Clinton and McCurry read the press the riot act
by Jeff Koopersmith
Monday, March 10th, 1997 -- NEW YORK (APJP) -- Robert Bennett, President Clinton's counsel, delivered an uninspiring talk at Hastings Law School in San Francisco last Friday.
The speech was supposed to give law students the fire needed to reject media coverage of scandal in favor of Bennett's theory that Congress and, by inclusion, the White House is less corrupt than at anytime in history. But it fell far short of the mark.
Bennett missed his opportunity to drive home the point that any corruption, real or perceived, is great fodder for the press -- as it should be in order to provide at least a fragile protection to this democracy. The problem, of course, is that no corruption has been proved, and that the perception seems that of journalists and not of anyone else. Mr. Bennett did pay lip-service to this idea, but kept retreating to a defensive position in his monologue which was more of a drone than an inspiration.
The White House might do better to unleash James Carville among easily-manipulated young legal minds.
President Clinton himself, however, was nearly combative with the White House press corps at his latest press conference held last Friday. Clinton was aggressive in his defense of Vice President Al Gore and Hillary Clinton's secretary -- who appears to have casually accepted a $50,000 check from Johnny Chung, which she dispatched to the Democratic National Committee.
He would not apologize for his or his staff's action. He all but admitted that he too made calls for money from publicly controlled areas of the White House, and gently followed the lead of Mike McCurry, the White House Press Secretary, who had the courage last week to tell the elite of the press corps that they were a pack of yellow journalists who have been engaging in the worst kind of rumor massage -- turning fiction into fact. After McCurry's outburst, one could hear dozens of journalists cry out, "How can you say that?...how could you?...blah, blah, blah, whine, moan..." To his credit, McCurry stood his ground, using a lot of the credibility he has earned for the past several years.

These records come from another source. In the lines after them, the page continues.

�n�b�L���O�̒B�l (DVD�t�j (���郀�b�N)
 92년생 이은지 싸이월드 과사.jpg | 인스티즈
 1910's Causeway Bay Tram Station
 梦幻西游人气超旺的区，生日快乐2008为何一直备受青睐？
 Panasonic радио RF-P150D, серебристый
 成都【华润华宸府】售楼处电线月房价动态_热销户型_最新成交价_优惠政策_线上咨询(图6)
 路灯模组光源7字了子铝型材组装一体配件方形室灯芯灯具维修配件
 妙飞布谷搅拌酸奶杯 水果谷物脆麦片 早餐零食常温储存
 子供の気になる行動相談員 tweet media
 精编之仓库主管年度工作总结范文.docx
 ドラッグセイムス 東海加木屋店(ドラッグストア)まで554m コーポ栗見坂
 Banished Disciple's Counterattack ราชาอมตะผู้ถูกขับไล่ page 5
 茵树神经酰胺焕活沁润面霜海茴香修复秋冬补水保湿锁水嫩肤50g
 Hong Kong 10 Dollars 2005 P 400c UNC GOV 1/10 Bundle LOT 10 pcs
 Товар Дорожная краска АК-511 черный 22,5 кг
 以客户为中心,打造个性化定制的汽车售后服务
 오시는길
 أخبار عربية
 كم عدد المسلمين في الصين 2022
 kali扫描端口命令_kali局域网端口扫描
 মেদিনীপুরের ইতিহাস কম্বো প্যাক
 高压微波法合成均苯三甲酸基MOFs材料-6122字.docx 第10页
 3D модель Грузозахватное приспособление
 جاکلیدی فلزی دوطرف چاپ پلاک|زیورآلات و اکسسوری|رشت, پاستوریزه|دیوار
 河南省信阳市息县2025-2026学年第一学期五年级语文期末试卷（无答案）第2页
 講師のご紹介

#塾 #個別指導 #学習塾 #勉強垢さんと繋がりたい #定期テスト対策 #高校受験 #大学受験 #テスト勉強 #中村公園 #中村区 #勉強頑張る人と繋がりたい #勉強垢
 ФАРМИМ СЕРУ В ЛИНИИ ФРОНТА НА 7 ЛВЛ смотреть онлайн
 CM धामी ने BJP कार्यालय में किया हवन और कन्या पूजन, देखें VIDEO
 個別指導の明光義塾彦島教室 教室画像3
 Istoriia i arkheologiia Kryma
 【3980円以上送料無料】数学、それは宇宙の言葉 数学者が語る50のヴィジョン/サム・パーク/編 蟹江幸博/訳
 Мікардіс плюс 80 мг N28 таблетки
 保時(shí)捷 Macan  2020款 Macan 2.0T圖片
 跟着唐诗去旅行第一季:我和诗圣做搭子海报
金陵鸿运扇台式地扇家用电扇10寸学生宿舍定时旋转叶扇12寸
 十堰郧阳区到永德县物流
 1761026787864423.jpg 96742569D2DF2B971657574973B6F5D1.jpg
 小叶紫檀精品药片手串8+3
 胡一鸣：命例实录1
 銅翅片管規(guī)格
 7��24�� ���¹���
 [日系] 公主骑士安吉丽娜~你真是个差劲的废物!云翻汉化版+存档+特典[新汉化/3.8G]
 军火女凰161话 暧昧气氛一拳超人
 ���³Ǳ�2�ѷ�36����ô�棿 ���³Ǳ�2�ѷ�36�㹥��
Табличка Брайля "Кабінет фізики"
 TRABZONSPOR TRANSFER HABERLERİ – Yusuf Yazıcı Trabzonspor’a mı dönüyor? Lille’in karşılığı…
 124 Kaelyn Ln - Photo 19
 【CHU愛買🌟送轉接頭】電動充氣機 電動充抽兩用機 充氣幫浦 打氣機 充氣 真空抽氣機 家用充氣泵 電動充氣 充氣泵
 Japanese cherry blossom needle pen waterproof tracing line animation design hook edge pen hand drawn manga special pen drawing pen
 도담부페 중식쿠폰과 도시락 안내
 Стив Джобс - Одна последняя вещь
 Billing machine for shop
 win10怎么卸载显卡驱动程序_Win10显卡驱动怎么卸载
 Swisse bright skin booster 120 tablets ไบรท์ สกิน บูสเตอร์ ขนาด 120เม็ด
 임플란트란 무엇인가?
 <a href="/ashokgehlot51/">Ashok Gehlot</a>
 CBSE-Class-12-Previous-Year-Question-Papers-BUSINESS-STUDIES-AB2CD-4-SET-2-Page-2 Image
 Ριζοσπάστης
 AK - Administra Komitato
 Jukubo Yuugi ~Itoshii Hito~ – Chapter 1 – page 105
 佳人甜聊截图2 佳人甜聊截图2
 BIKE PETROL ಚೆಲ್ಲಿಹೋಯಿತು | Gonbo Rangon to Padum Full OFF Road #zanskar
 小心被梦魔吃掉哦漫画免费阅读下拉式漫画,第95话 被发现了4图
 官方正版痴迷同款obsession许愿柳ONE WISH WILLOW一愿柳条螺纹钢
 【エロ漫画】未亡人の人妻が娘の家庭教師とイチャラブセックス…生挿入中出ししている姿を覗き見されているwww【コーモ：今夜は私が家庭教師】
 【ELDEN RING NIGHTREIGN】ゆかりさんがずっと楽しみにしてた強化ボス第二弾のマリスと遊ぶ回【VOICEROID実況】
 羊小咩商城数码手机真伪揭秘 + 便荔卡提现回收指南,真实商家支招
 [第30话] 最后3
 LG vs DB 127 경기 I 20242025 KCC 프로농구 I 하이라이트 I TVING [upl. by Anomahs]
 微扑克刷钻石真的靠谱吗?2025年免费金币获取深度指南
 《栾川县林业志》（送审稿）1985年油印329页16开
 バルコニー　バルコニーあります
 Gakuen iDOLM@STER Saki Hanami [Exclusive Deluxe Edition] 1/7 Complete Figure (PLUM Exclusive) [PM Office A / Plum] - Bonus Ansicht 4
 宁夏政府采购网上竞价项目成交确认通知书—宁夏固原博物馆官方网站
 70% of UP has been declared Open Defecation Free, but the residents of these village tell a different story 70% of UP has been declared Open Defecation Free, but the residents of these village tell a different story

McCurry is right. The media -- and particularly the print press, who knows better -- have been printing what amounts to fantasy for several weeks now. Their mistake is not linking contributions with political and policy action. It's one thing to say "Mr. X gave Politician Y $100,000." It's another to draw a fact-based conclusion that this money resulted in a boon for Mr. X caused by Politician Y. While it sells newspapers to pose the headline question, "Did China try to buy the White House?", it's quite another to prove the preposterous suggestion that the President and the Congress sold America down the Yellow River for a few bucks.